• **Input data**:
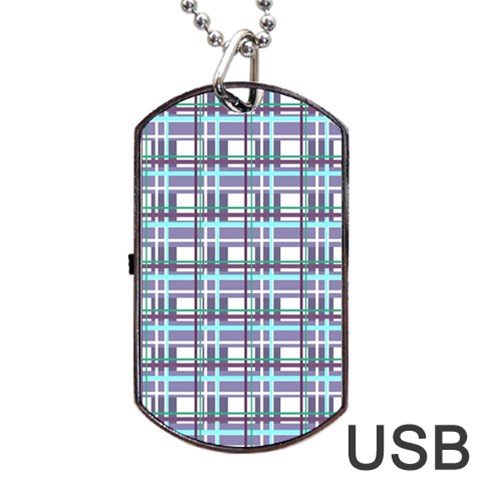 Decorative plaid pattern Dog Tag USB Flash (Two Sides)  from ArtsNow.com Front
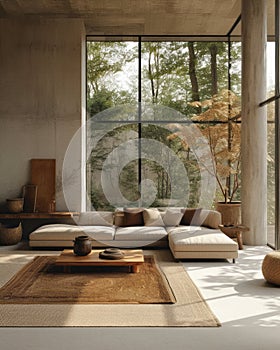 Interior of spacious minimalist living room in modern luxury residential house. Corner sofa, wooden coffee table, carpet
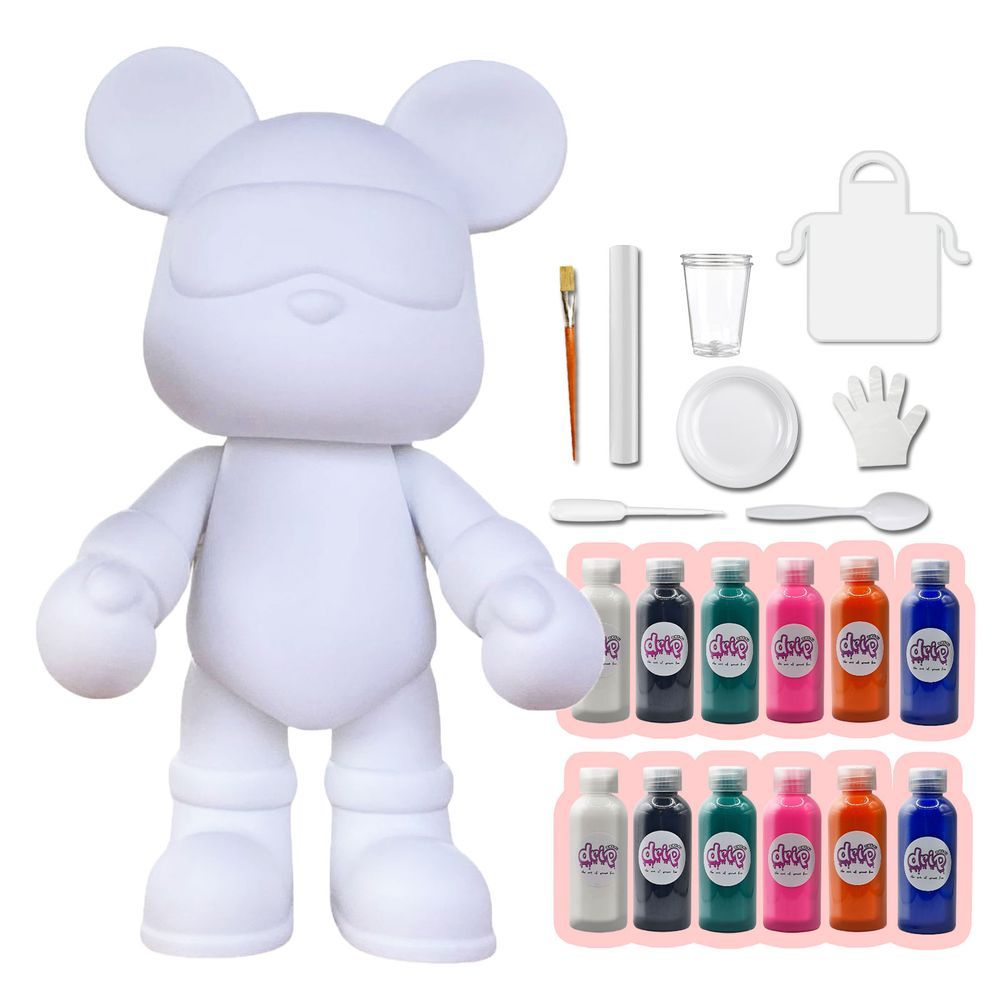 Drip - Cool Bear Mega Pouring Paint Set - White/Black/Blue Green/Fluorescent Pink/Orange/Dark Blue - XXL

• **Task statement**:
Beginning at the line that contains "Interior of spacious", retype each line of the data above through the very last one. Do not retype the pictures.

• **Response**:
 Interior of spacious minimalist living room in modern luxury residential house. Corner sofa, wooden coffee table, carpet
 Drip - Cool Bear Mega Pouring Paint Set - White/Black/Blue Green/Fluorescent Pink/Orange/Dark Blue - XXL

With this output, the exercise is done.